Now, recession fears have returned. President Donald Trump’s campaign of import tariffs, vastly widened on Wednesday, has shaken consumer confidence and sent the stock market tumbling.  

A March CNBC Fed Survey put the probability of recession at 36%, up from 23% in January. J.P. Morgan’s chief economist put the odds at 40%. You can expect those numbers to rise following Trump’s latest tariff announcement.

“Recessions are very difficult to predict, but there’s a growing consensus among economists that the risk of a damaging downturn has risen in the past three months, and even more in the past 24 hours,” said Mark Hamrick, senior economic analyst at Bankrate, speaking on Thursday. 

Whether you are a cash-poor consumer or a top 1% earner, here are some steps you can take to protect your finances:

Rid yourself of high-interest debt 

Paying off credit card debt is easier said than done, especially in a downturn. 

If you have the resources, however, this would be an ideal time to get serious about reducing high-interest debt. The average credit card interest rate is a whopping 24.2%, according to LendingTree.  

To make a dent in your debt, financial planners say, you’ll need to do more than make the minimum monthly payment: double it, add $100, or pay a percentage of your income. 

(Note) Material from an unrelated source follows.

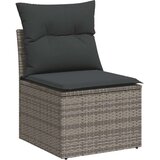  6-dijelni set vrtnih sofa od poliratana s jastucima sivi | shoptok.hr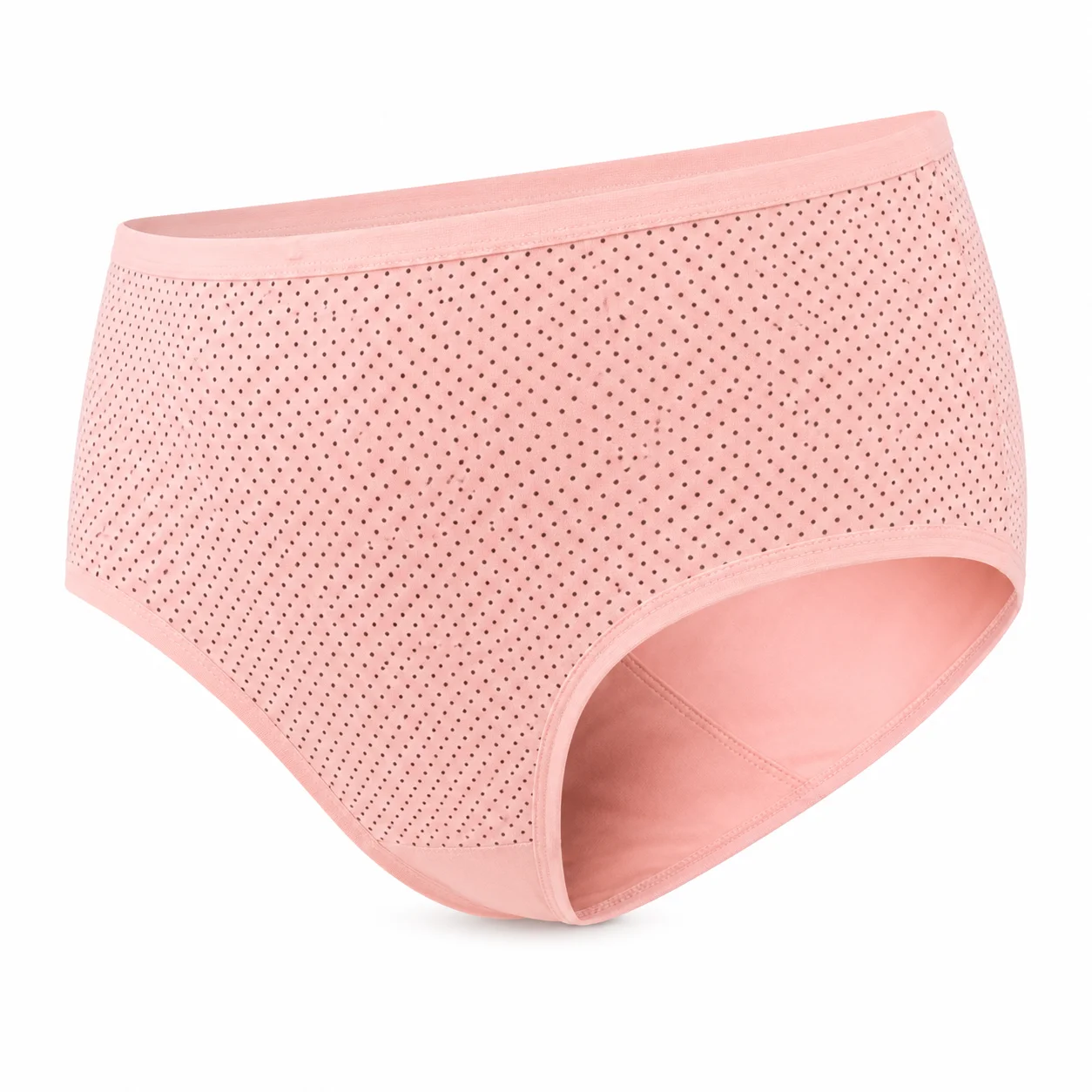 Women’s Polka Dot Cotton Full-Coverage Briefs – Pack of 3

If you’re strapped for cash, transfer the debt to another loan with a lower interest rate. 

If you have good credit, consider a zero-APR credit card. You will pay no interest for 15, 18 or 21 months. Every dollar you pay reduces your debt. 

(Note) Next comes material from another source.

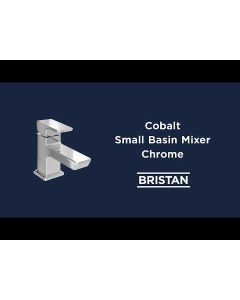 Bristan Cobalt Basin Mixer with Clicker Waste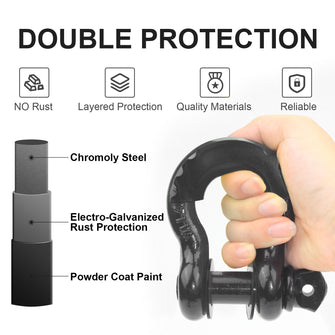 Robbor Shackle Hitch Receiver 2 inch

Alternatively, transfer the balance to a home equity line of credit, or even a personal loan. You might pay 8%, 10% or 12% interest. That’s better than 24%. 

With card rates so high, dealing with that debt arguably outweighs any other financial goal ‒ including savings. 

For people with card debt, “usually it doesn’t make sense to build up the savings because the interest rate that you’re getting on that savings is a lot lower than the interest you’ll be paying on the debt,” said Sean Higgins, an associate professor of finance at the Kellogg School of Management at Northwestern University.  

Shore up your savings 

If you are free of card debt, this is a good time to take stock of your savings. 

Many finance experts say Americans should stockpile enough emergency savings to cover three to six months of expenses: roughly $33,000, on average, according to Investopedia. 

Emergency savings exist for times like these, when workers are worried about their jobs. Yet, 27% of Americans have no emergency savings, Bankrate reports.  

“Of course, it’s easier to save when times are good than when you lose your job,” said Meir Statman, an author and finance professor at Santa Clara University.  

Few American households can quickly amass $33,000 in savings, especially when times are tough.  

Instead, consider more modest goals: Contribute a set amount of monthly income to emergency savings. Put the money in a high-yield savings account. Think hard before you raid the account for anything short of an actual emergency. 

Plan ahead for major expenses 

Now is not necessarily the time to cancel your European vacation.  

“That would be, to my mind, an overreaction,” Statman said. “People need to live. People need to have fun.” 

Even so, it might be a good idea to plan for that vacation or any large, unexpected expense. Set aside money now so you don’t drain your savings when the expense arrives.  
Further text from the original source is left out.